What may appear at first glance to be an eerie, empty void in an otherwise star-filled scene is really a cloud of cold, dark dust and molecular gas, so dense and opaque that it obscures the distant stars that lie beyond it from our point of view.

Similar to the more well-known Barnard 68, “dark nebula” LDN 483 is seen above in an image taken by the MPG/ESO 2.2-meter telescope’s Wide Field Imager at the La Silla Observatory in Chile.

While it might seem like a cosmic no-man’s-land, no stars were harmed in the making of this image – on the contrary, dark nebulae like LDN 483 are veritable maternity wards for stars. As their cold gas and dust contracts and collapses new stars form inside them, remaining cool until they build up enough density and gravity to ignite fusion within their cores. Then, shining brightly, the young stars will gradually blast away the remaining material with their outpouring wind and radiation to reveal themselves to the galaxy.

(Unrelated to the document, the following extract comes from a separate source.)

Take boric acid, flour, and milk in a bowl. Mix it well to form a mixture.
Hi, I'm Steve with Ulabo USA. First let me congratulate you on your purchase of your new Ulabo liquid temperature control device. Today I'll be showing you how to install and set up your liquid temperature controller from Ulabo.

The process may take several million years, but that’s just a brief flash in the age of the Universe. Until then, gestating stars within LDN 483 and many other clouds like it remain dim and hidden but keep growing strong.

Wide-field view of the LDN 483 region. (Credit: ESO and Digitized Sky Survey 2)
Wide-field view of the LDN 483 region. (Credit: ESO and Digitized Sky Survey 2)

Located fairly nearby, LDN 483 is about 700 light-years away from Earth in the constellation Serpens.

Source: ESO

3 Replies to “What Is This Empty Hole In Space?”

  1. How would a star look up close, let’s say, 1 year before fusion ignition? Would it look like an oversized Jupiter? Would it be bright or dark?

    1. “As their cold gas and dust contracts and collapses new stars form inside them, remaining cool until they build up enough density and gravity to ignite fusion within their cores.”

      I think this description is a bit misleading. How I’ve understood it is that the baby star already shines brightly before the fusion begins, radiating away the gravitational potantial energy turned into heat. From the outside you can’t really observe the beginning of the fusion except from the stopping of the contraction and possibly from the outflow of the neutrinos created in the fusion reactions.

      I’m not an astrophysicist so someone please correct me if what I said is totally wrong. 😀

      1. Sounds right to me, though I recall most of that luminosity before fusion would be in the form of infra-red and so it would remain dark in the visible spectrum for a while longer.